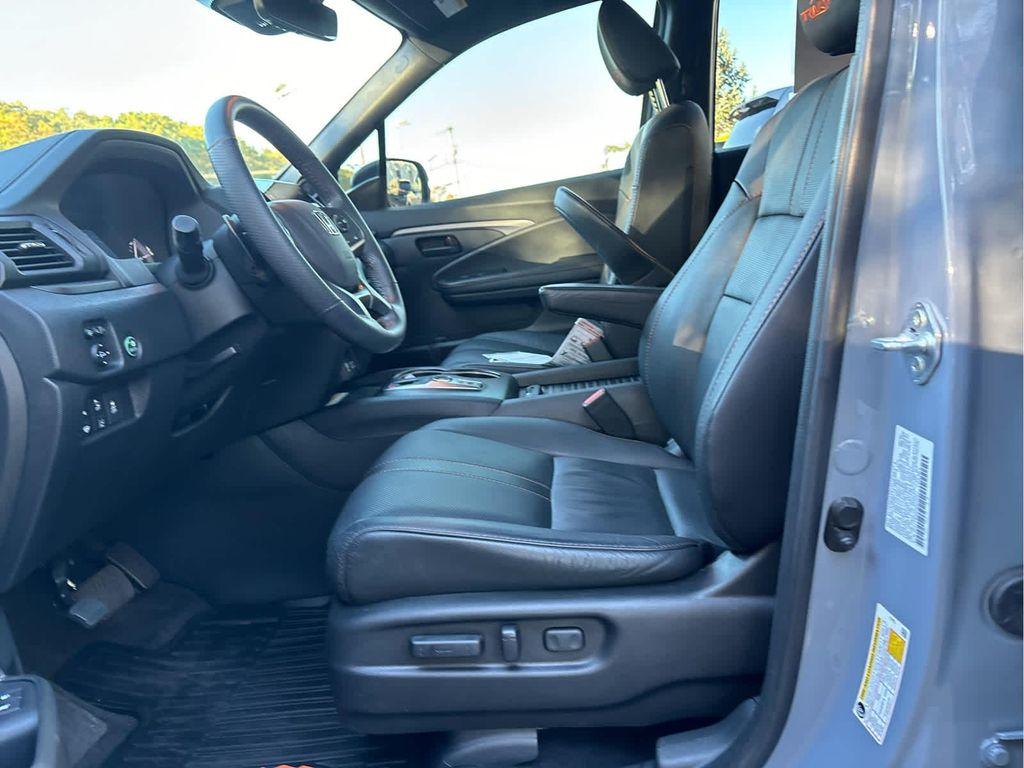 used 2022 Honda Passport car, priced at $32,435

---

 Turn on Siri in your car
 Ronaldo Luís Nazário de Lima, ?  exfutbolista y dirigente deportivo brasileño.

DIRECTIONS FOR THIS TASK
Starting at the line above that holds "Turn on Siri in your car" and ending at the line that holds "Ronaldo Luís Nazário", transcribe each line exactly and include no other lines.

FINISHED EXERCISE
 Turn on Siri in your car
 Ronaldo Luís Nazário de Lima, ?  exfutbolista y dirigente deportivo brasileño.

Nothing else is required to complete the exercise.